# EE382M – 15: Assignment 1

Professor: Lizy K. John
TA: Jee Ho Ryoo
Department of Electrical and Computer Engineering
University of Texas, Austin

Due: 11:59PM September 21, 2014

## 1. Introduction and Goals

The goal of this assignment is to study the performance evaluation of multilevel caches in multicore processors. Using a trace driven cache simulator, you will conduct a simple performance analysis, and eventually, understand performance implications of different cache organizations.

In this assignment, you are asked to implement a multi-level cache simulator. This assignment will be graded based on correctness. But in a later assignment, you will be judging the runtime efficiency of the single core cache simulator that you develop here. So it is always important to use efficient algorithms and data structures in your code.

#### 1.1 Graded Items

The following items need to be completed by the deadline

- 1. Single core 1-level cache simulator
- 2. Single core 2-level cache simulator
- 3. Multicore 2-level cache simulator

#### 1.2 Overview

The assignment asks you to write a multicore 2-level cache simulator in steps. Figure 1 shows the general structure of the memory subsystem you will be implementing. The multilevel cache



Figure 1: Overview of Memory Subsystem

simulator will have private data caches. They will be connected to the unified L2 cache. The L2 is the Last Level Cache (LLC) in this lab. The main memory is where L2 misses will be serviced. In this assignment, we will assume that there is a magic cache coherence protocol that you do not have to implement.

# 2. Single Core 1 Level Cache Simulator

## 2.1 Writing a single core one level cache simulator

In this section of the assignment, you are designing a single core 1 level cache simulator. Each core will have its own data cache. They will be connected to the main memory to handle misses.

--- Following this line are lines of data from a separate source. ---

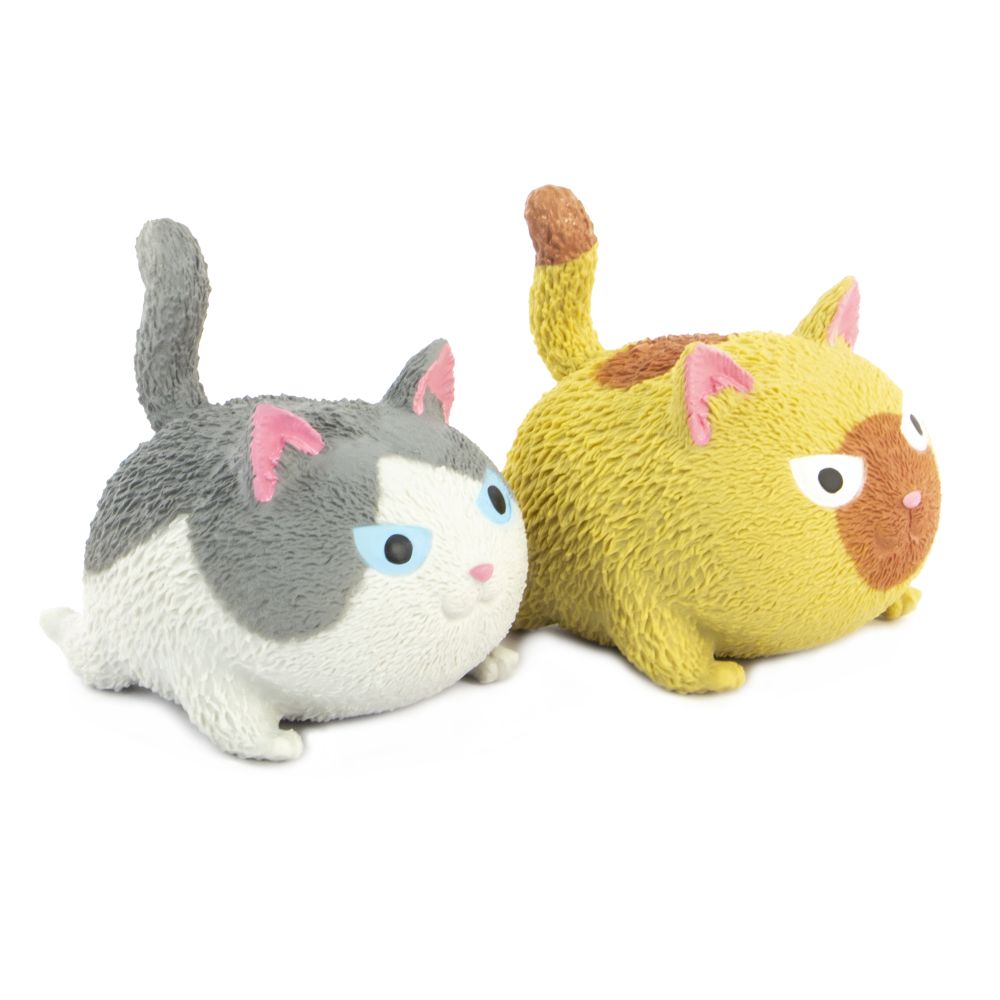 NV456 Squidgy Cat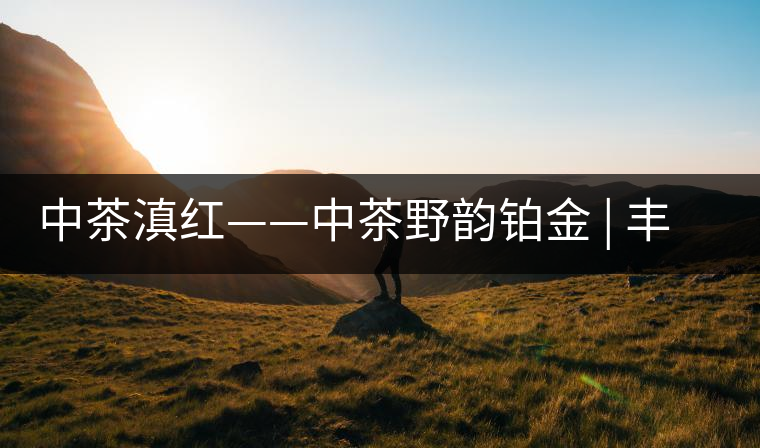 中茶滇紅——中茶野韻鉑金 | 豐苗挺秀，山野花香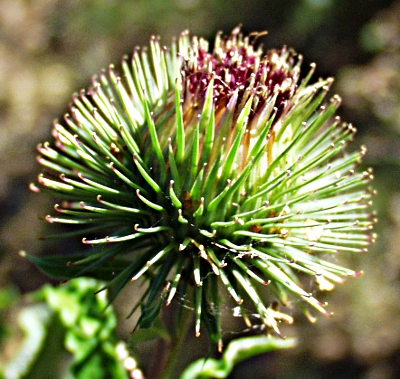 Arctium lappa, Große Klette, Hülle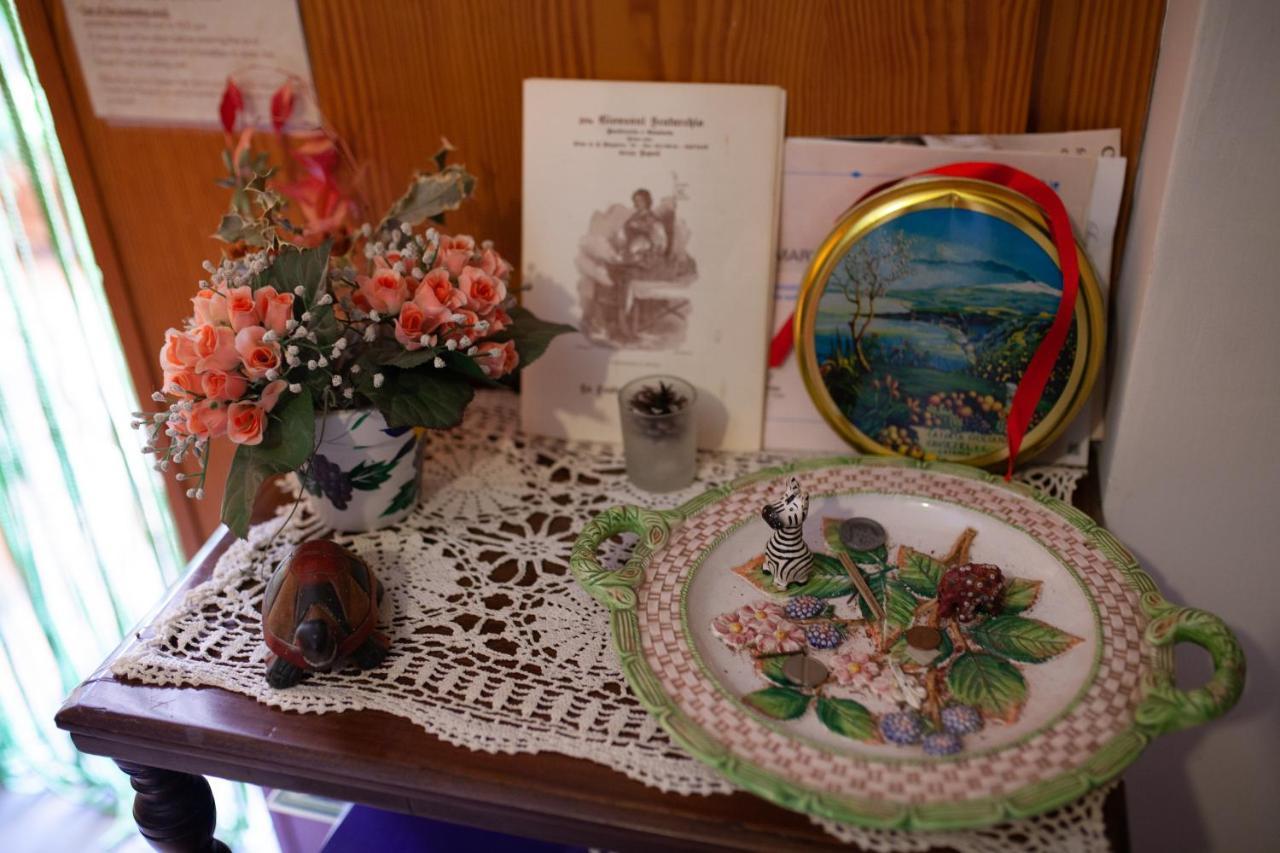 B&B Villa Il Noce Picinisco Dış mekan fotoğraf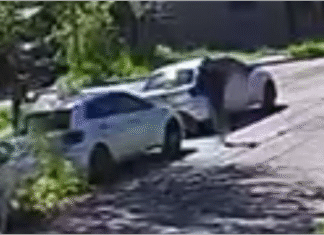 Alerta: robo de patentes en Lomas de Zamora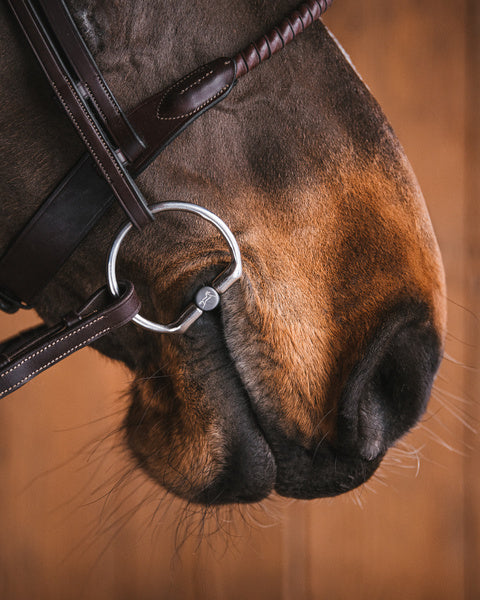 Fager Harriet Titanium Fixed Ring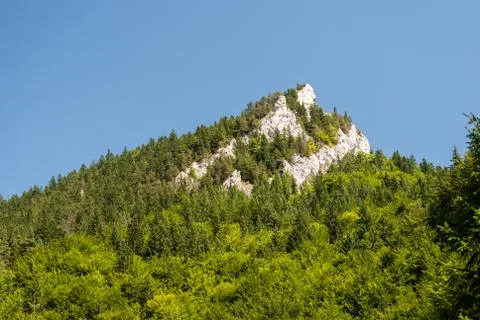 Peak with forest Stock Photos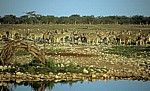 Okaukuejo-Wasserloch: Steppenzebras (Equus quagga) - Etosha Nationalpark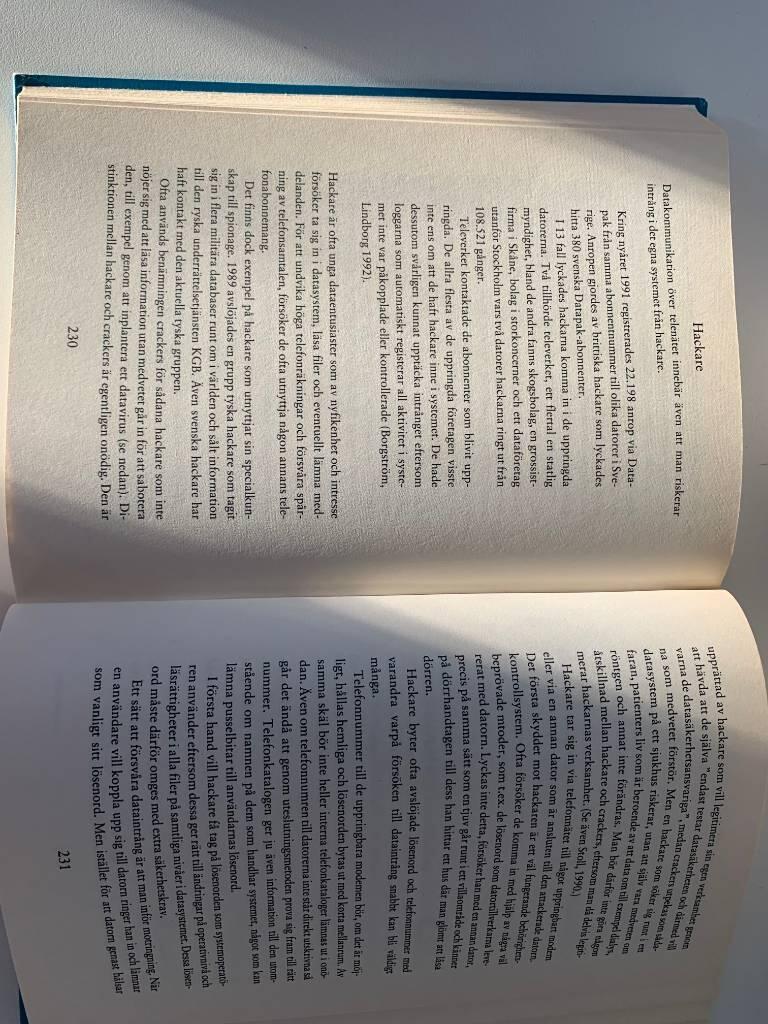 Stora s&auml;kerhetsboken : f&ouml;r f&ouml;retag, myndigheter och andra organisationer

Table 1 shows the parameters your simulator must be able to accept. Any value in the range indicated must be handled by the simulator in order to get full credit. All caches will be inclusive caches with a perfect LRU replacement policy. They are write-allocate, write-back caches. The parameters listed in

Table 1: Single Core 1 Level Cache Parameters

| L1 capacity (powers of 2 in KB from 1KB to 64KB)         |
|----------------------------------------------------------|
| L1 associativity (1 to 32)                               |
| L1 cacheline size (powers of 2 in bytes from 64B to 1KB) |
| L1 hit latency (0-2)                                     |
| L1 miss latency (2-20)                                   |

Table 1 will be read into the simulator from a single configuration file. All numbers will be powers of two, and your simulator is only responsible for handling those in the range specified.

The time at which the requests to the cache arrive is captured in the input trace. This timing information has to be taken into account. How to control the requests and replies when multiple requests arrive at the same time is explained in Section 4.2. Also, the input trace will be generated in a way that no multiple requests to the same cacheline will occur while the same cache line is currently being processed in the memory hierarchy. For simplicity, this cache simulator will have infinite bandwidth between caches, cores and the main memory. Therefore, every component can process as many requests as possible

#### 2.2 Implementation Details

A query of a cache for misses and hits can be assumed to happen on the exact same cycle that a request is received. The latencies in Table 1 represent the number of cycles it takes a request to reach the next level of the memory hierarchy on a miss.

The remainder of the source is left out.